Smerdyakov, you recall, didn't leave much of a suicide note, and he never wrote out a confession. Some readers believe that he is, as the prosecutor claims, too weak a character to commit murder. Do you think Smerdyakov really did it?
Do you think Ivan merely hallucinated the devil in Book 12, Chapter 9, or did the devil actually appear to him?
In his preface, Dostoevsky names Alyosha as the hero of his novel. Make the case that another character – say, one of the other Karamazov brothers – is the real hero.
Dostoevsky's novels often develop characters that "double" or mirror each other. For example, Smerdyakov is a twisted double for Ivan, Dmitri's life resembles Zosima's as a young man, and Kolya echoes Rakitin and Ivan. Who are some other doubles in the novel? How do doubles help you understand the novel's main ideas?
Dostoevsky never lived to write the sequel to The Brothers Karamazov. Imagine you were hired for the job – what would you write?

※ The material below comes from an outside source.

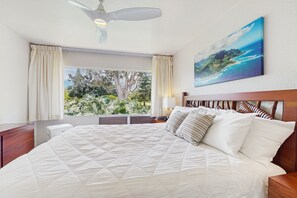 2 bedrooms, iron/ironing board, free internet, bed sheets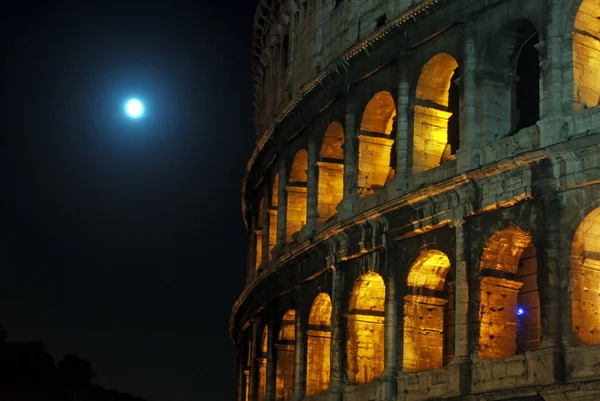 The Colosseum and the Moon — Stock Photo, Image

The novel seems to have an issue with mothers. The mothers of the Karamazov brothers are dead. The mothers who are alive in the novel – for example Madame Khokhlakov, Lise's mother, and Mrs. Snegiryov, Ilyusha's mother – aren't exactly stellar models of maternity. The novel never really goes into the relationship of mothers and their children, while it spends an awful lot of time haranguing fathers. What's up with that?
The critic Robert Belknap has pointed out that there are twelve different accounts of murder in the novel (quoted in Terras 85). Can you name them all? Did you find more than twelve?
What if the novel was called The Sisters Karamazov? How would the novel be different if it were about three sisters instead?